Certain brain operations require patients to be awake for at least part of the process. These surgeries are very tricky, according to the International Business Times, and surgeons depend on certain responses and interactions to avoid damaging critical parts of the brain, such as the eloquent cortex.

Typically when a patient undergoes brain surgery, they will be put to sleep at the beginning of the operation prior to the skull being opened, woken up in the middle to ensure responses are normal, then put back to sleep again. This process is known as asleep-awake-asleep ‒ or AAA – which seems like an onomatopoeia when thinking about waking up in the middle of brain surgery.

Zemmoura and other researchers detailed the hypnosis process to a total of 48 patients, according to Ars Technica. Hypnosis sedation, much like AAA sedation, begins several weeks prior to the operation. The patient meets with a hypnotist to practice entering a trance. From 2011 to 2015, 37 of the 48 underwent brain surgery using hypnosis sedation. Six patients were unable to enter a trance at the time of the surgery and switched to AAA sedation.

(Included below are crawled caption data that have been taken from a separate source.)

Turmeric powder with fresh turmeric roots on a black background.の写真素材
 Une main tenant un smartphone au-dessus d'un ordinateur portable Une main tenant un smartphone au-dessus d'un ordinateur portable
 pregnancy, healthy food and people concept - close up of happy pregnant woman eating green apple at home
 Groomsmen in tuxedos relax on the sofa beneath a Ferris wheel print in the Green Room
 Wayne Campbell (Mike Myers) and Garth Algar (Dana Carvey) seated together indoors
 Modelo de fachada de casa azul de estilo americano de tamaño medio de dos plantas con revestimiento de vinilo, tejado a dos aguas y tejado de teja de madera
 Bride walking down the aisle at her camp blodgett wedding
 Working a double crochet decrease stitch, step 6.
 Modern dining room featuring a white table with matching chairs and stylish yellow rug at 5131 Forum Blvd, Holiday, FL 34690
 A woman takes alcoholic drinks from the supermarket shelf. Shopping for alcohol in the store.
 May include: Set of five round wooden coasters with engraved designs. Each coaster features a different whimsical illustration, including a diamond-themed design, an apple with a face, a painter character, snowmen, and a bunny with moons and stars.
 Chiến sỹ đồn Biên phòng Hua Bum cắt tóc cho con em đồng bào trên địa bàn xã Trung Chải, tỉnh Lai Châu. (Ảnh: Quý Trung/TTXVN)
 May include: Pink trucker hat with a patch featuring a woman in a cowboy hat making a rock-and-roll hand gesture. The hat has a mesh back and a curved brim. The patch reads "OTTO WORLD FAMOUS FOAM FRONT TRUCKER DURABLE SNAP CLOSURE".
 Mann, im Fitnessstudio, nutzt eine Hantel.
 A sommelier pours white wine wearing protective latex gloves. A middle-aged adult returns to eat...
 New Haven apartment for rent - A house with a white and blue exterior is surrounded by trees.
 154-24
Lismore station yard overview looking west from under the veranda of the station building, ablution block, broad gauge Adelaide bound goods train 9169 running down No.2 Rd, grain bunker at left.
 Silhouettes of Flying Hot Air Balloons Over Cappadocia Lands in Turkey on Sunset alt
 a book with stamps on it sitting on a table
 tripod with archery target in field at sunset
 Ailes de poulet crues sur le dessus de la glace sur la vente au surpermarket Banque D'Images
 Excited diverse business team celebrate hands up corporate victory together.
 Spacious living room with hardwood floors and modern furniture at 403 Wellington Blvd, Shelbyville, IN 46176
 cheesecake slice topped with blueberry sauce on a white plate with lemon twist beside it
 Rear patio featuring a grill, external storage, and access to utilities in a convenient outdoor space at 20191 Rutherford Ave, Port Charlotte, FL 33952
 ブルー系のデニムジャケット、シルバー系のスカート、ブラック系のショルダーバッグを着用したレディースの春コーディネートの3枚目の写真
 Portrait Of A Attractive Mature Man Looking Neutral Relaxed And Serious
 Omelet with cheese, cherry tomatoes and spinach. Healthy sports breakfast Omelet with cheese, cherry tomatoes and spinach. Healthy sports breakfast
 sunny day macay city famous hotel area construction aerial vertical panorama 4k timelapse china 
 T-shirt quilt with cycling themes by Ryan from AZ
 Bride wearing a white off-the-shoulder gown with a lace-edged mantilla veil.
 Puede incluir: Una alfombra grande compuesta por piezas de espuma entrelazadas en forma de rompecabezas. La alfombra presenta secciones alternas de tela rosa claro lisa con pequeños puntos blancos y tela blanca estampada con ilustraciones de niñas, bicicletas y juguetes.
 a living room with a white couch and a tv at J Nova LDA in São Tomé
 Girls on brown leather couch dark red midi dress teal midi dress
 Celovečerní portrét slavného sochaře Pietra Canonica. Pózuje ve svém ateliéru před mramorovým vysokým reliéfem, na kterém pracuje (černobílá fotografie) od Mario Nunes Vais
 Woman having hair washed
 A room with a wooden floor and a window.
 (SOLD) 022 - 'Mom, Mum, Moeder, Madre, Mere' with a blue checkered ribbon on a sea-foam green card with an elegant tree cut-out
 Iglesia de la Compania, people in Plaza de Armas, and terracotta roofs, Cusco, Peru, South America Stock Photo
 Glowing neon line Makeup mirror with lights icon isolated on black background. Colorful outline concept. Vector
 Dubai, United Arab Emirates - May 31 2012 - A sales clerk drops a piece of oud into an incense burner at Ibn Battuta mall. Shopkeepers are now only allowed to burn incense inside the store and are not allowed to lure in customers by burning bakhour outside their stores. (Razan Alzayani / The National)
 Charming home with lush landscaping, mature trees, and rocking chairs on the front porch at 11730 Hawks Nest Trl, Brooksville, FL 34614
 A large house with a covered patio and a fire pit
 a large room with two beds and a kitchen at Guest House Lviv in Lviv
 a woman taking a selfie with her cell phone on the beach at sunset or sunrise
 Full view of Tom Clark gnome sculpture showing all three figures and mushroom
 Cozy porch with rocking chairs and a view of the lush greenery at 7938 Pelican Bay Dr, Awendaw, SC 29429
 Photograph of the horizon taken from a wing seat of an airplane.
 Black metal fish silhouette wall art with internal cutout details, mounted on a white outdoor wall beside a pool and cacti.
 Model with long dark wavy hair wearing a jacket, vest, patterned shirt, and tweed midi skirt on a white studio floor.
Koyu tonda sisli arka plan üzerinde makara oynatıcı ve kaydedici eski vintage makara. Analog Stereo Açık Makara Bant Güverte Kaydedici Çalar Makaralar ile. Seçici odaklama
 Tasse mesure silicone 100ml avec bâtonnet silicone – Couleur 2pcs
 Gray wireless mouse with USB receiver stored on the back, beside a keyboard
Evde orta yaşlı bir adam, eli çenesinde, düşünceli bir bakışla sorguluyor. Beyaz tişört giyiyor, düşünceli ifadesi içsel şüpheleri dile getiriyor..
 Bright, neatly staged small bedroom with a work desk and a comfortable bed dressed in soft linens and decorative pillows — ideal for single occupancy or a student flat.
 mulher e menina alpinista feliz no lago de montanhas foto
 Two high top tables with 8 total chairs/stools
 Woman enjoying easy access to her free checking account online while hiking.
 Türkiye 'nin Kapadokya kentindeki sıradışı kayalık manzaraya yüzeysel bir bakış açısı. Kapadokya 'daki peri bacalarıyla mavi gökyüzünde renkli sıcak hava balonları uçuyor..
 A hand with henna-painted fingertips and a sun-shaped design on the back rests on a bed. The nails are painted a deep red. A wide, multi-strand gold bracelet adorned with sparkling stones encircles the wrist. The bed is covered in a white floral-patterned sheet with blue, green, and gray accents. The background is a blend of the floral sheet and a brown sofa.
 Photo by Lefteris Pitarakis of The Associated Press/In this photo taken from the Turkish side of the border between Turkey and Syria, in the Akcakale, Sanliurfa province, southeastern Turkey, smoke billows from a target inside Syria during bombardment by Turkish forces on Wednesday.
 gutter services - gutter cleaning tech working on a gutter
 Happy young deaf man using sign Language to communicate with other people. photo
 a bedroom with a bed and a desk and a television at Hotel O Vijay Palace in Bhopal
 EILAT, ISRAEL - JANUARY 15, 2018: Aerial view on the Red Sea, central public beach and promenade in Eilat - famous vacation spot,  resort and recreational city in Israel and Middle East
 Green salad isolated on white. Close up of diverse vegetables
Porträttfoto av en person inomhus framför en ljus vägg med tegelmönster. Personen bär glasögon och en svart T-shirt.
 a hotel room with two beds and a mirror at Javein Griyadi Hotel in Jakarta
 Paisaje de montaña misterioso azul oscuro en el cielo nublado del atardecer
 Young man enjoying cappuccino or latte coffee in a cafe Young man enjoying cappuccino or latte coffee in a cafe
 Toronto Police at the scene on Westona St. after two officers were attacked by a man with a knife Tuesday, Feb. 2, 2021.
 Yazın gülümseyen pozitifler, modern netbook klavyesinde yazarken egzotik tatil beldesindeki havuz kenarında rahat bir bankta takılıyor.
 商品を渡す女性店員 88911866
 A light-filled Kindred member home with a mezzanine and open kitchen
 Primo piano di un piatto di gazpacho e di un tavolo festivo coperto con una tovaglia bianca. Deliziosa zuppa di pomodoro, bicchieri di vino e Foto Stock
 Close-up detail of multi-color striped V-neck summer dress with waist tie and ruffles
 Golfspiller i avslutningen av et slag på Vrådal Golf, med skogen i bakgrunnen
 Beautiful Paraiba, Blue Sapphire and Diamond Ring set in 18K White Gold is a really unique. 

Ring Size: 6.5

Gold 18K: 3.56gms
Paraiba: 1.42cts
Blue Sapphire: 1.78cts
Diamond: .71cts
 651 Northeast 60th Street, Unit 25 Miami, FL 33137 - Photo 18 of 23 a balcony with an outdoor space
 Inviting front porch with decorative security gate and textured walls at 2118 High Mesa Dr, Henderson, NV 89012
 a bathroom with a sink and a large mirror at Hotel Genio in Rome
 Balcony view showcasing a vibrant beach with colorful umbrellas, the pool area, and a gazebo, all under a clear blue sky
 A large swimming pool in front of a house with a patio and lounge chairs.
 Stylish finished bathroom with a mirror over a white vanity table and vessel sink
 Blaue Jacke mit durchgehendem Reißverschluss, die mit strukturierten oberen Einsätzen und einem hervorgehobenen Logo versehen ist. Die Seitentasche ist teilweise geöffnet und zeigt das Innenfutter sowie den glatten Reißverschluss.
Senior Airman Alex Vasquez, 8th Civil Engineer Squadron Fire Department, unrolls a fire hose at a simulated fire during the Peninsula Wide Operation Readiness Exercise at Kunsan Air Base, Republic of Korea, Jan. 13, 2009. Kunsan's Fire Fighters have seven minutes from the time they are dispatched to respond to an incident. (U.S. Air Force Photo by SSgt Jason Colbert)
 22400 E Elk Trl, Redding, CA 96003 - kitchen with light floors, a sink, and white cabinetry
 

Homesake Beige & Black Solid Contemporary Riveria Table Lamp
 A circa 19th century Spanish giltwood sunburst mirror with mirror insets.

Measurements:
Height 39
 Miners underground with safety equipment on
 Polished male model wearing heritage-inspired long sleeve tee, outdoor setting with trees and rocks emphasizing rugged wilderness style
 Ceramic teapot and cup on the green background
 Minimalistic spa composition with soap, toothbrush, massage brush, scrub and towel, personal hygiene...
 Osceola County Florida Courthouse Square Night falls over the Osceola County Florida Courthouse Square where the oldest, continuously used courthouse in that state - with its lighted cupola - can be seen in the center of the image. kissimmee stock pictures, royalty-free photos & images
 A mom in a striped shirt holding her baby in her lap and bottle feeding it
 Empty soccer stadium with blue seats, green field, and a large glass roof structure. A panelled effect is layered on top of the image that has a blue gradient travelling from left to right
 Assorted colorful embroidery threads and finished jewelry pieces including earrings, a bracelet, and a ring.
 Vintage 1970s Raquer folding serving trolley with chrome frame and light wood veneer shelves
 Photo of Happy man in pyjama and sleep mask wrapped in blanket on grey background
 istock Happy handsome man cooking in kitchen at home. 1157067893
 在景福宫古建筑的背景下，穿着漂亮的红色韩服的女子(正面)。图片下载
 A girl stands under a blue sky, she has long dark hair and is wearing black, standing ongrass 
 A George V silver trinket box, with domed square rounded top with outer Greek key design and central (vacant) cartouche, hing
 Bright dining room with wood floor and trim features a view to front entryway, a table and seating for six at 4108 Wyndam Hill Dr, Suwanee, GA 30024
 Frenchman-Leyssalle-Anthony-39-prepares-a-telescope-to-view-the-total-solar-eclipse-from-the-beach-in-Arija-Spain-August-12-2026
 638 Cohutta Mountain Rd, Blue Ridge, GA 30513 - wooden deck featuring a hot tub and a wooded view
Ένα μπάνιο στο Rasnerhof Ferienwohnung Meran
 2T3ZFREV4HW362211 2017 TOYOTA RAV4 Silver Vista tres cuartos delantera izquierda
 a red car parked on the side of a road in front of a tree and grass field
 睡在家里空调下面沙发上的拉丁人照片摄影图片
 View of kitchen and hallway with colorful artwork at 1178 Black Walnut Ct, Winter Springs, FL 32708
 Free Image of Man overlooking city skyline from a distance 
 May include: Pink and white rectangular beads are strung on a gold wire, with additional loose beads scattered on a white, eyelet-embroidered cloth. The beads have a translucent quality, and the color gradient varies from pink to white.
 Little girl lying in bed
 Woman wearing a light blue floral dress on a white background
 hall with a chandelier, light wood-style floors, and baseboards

While the drawbacks to hypnotherapy may seem obvious ‒ waking up out of the trance, pain, sneezing while a surgeon has their hands on your brain ‒ there are many benefits as well. The Journal of the National Cancer Institute estimated that the use of hypnosis could save both time and up to $338 per procedure.

Although some in the medical community remain skeptical – there was no control group in the study to compare results with – Zemmoura’s small patient group largely reported positive results. Follow-up questionnaires showed little to no negative psychological impact, Neuroscience News reported.